In the records below, the line that contains "3003 10 Pf." marks the start. Copy it and each line after it through the end, exactly, without pictures.
Exercise material section start
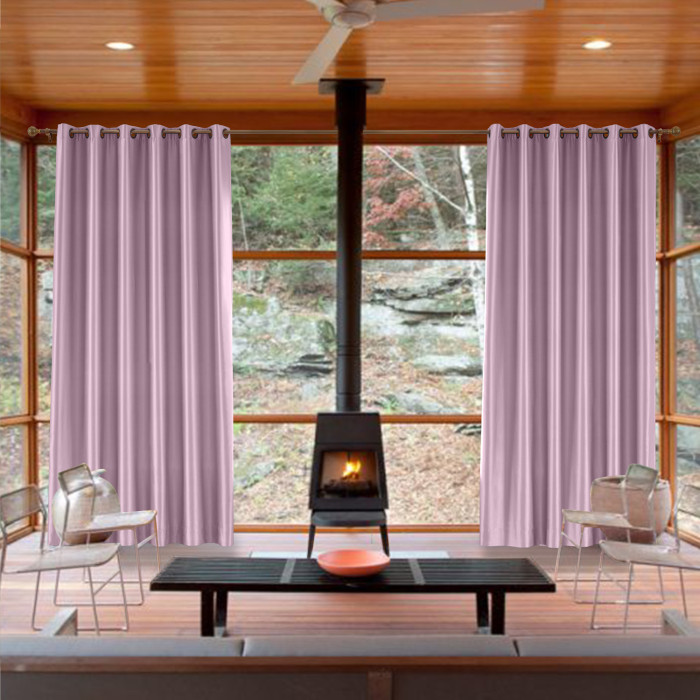 Polyester Cotton Silk Curtain Drape Panel in Antique Bronze Grommet with Blackout Lined LHZ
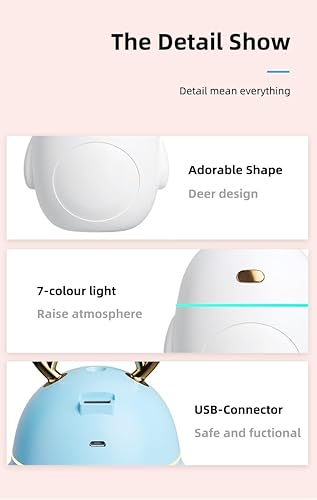 Miniatura 5 de Difusor cálido y dulce con tecnología ultrasónica, difusor portátil alimentado por USB para aceites esenciales, ambientadores de habitación con 7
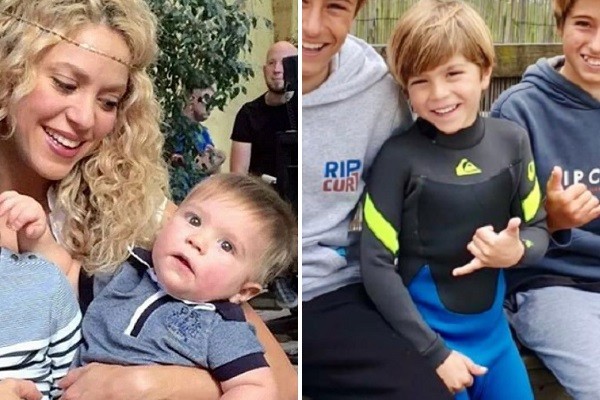 Shakira segurando o caçula Sasha (esquerda); o tamanho da criança aos 6 anos de idade (direita) surpreendeu os fãs (Foto: Instagram)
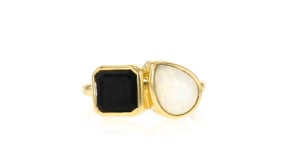Onyx and Opal Toi et Moi Ring in 18kt Gold Over Sterling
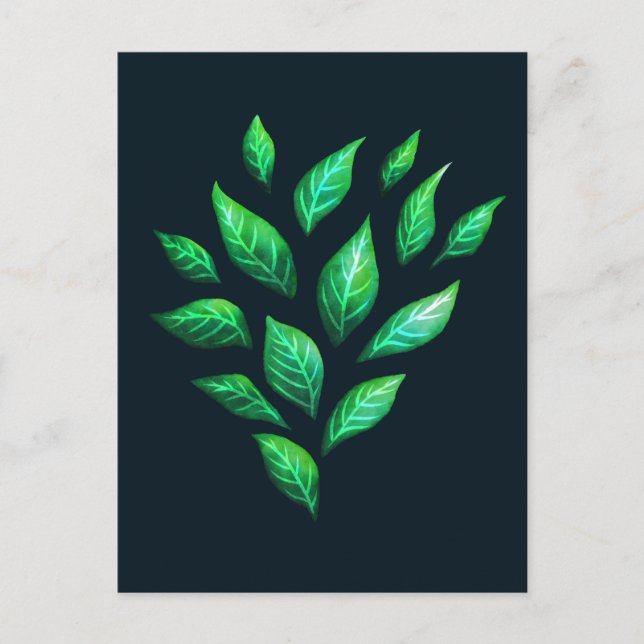 Carte Postale Motif Feuille vert foncé Abstrait (Devant)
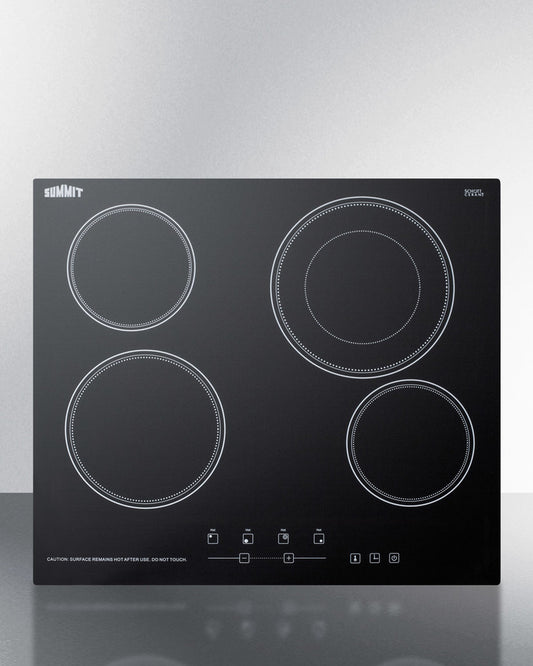 Summit - 24" Wide 230V 4-Burner Radiant Cooktop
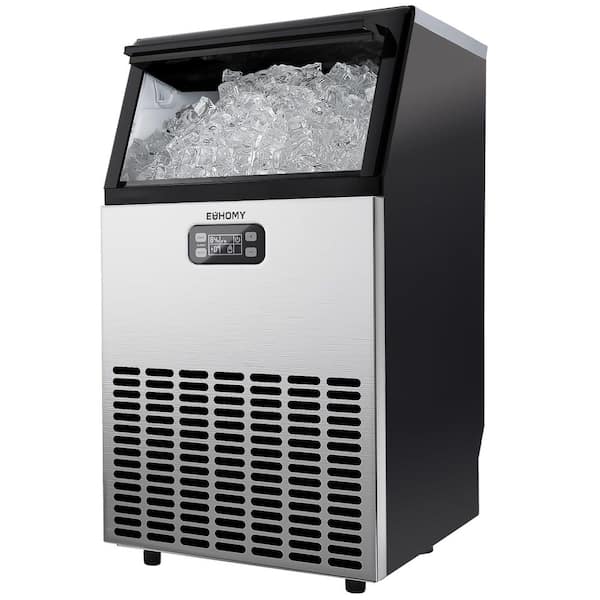 EUHOMY 18 in. 100 lb. /Day Commercial Freestanding Ice Maker in Stainless Steel, with 33 lb. Storage Bin, Full Size Cubes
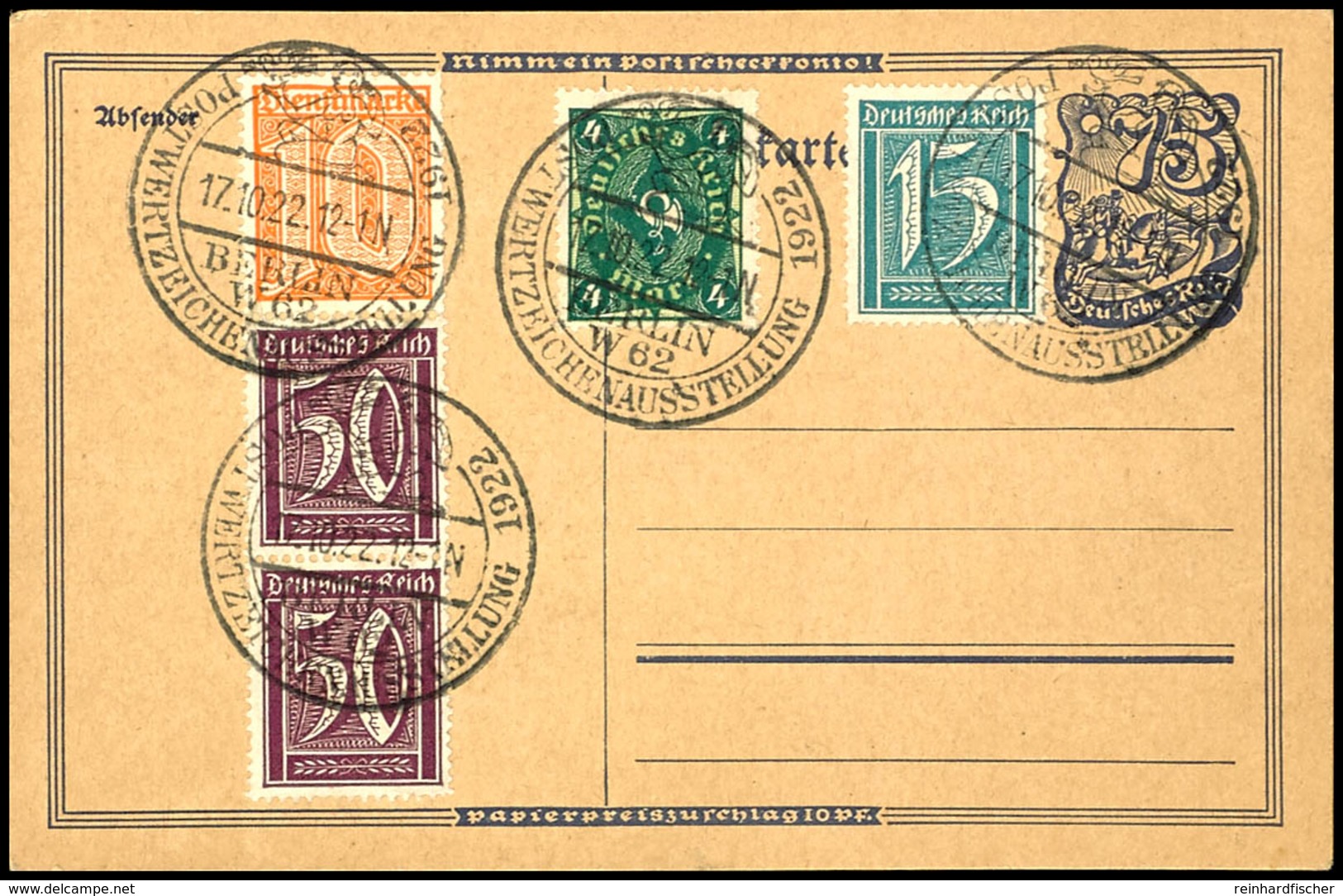 3003 10 Pf. Dunkelorange Mit Zusatzfrankatur A. Blanco-Karte, Sonderstempel "Postwertzeichenausstellung Berlin 1922", Ge - Sonstige & Ohne Zuordnung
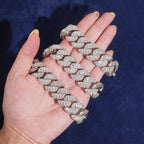 18mm Cuban Chain Pavé Setting — Moissanite, 925 Silver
Exercise material section end
Answer to this problem:
 3003 10 Pf. Dunkelorange Mit Zusatzfrankatur A. Blanco-Karte, Sonderstempel "Postwertzeichenausstellung Berlin 1922", Ge - Sonstige & Ohne Zuordnung
 18mm Cuban Chain Pavé Setting — Moissanite, 925 Silver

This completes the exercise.